= Eastern Asia (WGSRPD) =

Eastern Asia, as defined in the WGSRPD

Eastern Asia is one of the regions of temperate Asia defined in the World Geographical Scheme for Recording Plant Distributions (WGSRPD) for use in recording the distribution of plants. It is very much smaller than common definitions of East Asia. It consists of the Korean Peninsula, Japan (Hokkaido, Honshu, Kyushu and Shikoku, plus associated offshore islands – the Volcano Islands (Kazan-retto), the Ryukyu Islands (Nansei-shoto) and the Bonin Islands (Ogasawara-shoto)), and Taiwan. Some islands belonging to Japan politically, such as Marcus Island (Minami-Tori-shima), have greater floristic affinity with similar Pacific islands and are placed in the botanical continent of the Pacific.

==WGSRPD system==
The WGSRPD is a biogeographical system developed by the international Biodiversity Information Standards (TDWG) organization. The system provides clear definitions and codes for recording plant distributions at four scales or levels, from "botanical continents" down to parts of large countries. The top two levels are given numerical codes. The botanical continent 3 Asia-Temperate has nine regions, one of which is 38 Eastern Asia.
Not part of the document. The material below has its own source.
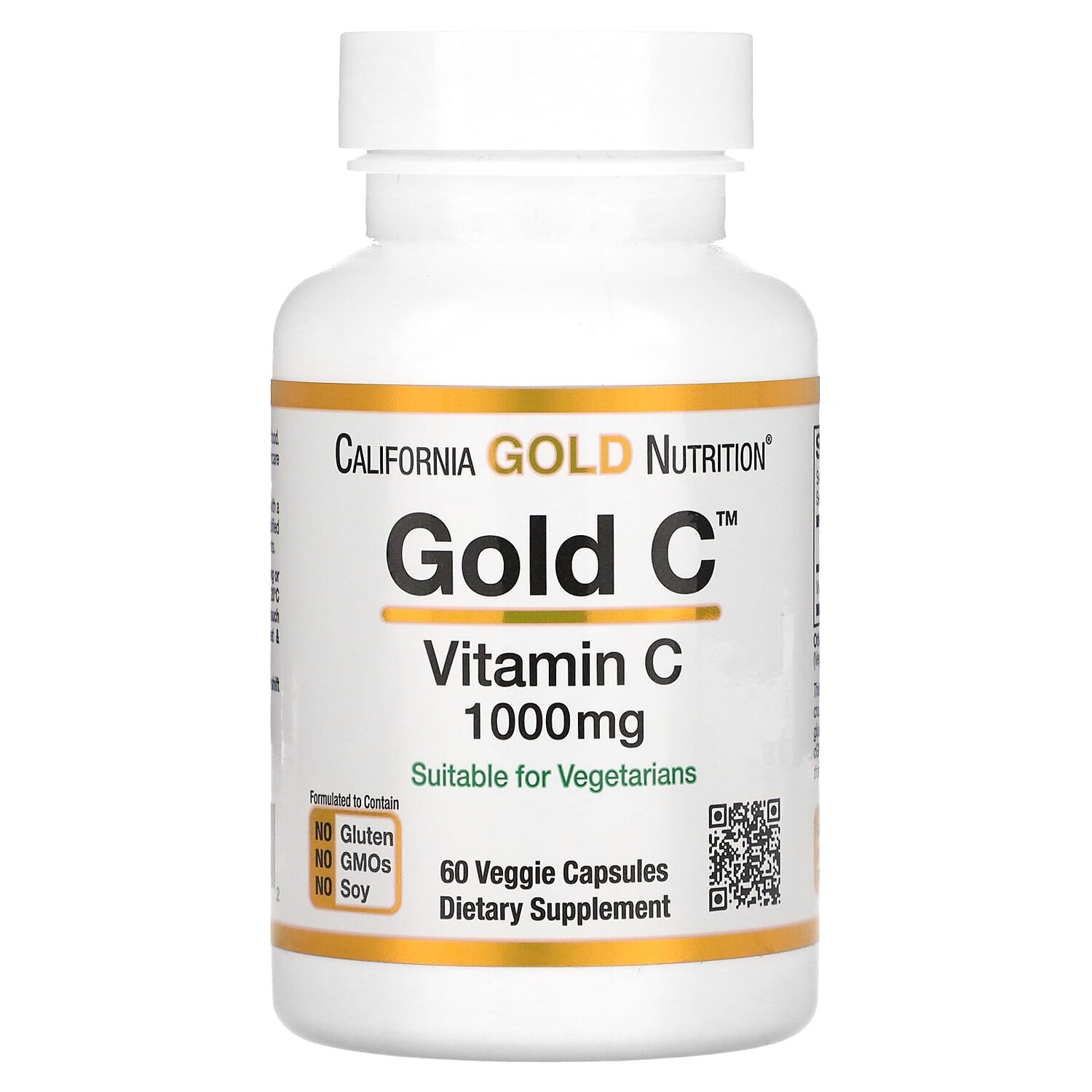 

Gold C, витамин C класса USP, 1000 мг, 60 вегетарианских капсул, California Gold Nutrition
Organizations and works using the scheme include the International Union for Conservation of Nature (IUCN), the Germplasm Resources Information Network (GRIN), and the World Checklist of Selected Plant Families (WCSP). For example, the entry for Lilium concolor in the WCSP includes the numerical codes "30 31 36 37 38", the initial "3" showing these are all regions of Asia-Temperate, with "38" being Eastern Asia.

==Eastern Asia subdivisions==
The Eastern Asia region is subdivided into areas and "basic recording units", which are given letter codes:

Divisions of 38 Eastern Asia
| Level 3 area | Level 4 unit |
| JAP Japan | JAP-HK Hokkaido |
JAP-HN Honshu
JAP-KY Kyushu
JAP-SH Shikoku
| KZN Kazan-retto | KZN-OO Kazan-retto (Volcano Islands) |
| NNS Nansei-shoto | NNS-OO Nansei-shoto (Ryukyu Islands) |
| OGA Ogasawara-shoto | OGA-OO Ogasawara-shoto (Bonin Islands) |
| KOR Korea | KOR-NK North Korea |
KOR-SK South Korea
| TAI Taiwan | TAI-OO Taiwan |

==Changes==

Some small changes were made to the Eastern Asia region between the first and second editions of the WGSRPD. The Volcano Islands (Kazan-retto) and the Bonin Islands (Ogasawara-shoto) were moved from the Pacific botanical continent to Eastern Asia within Asia-Temperate as they have many endemic plants in common with Eastern Asia.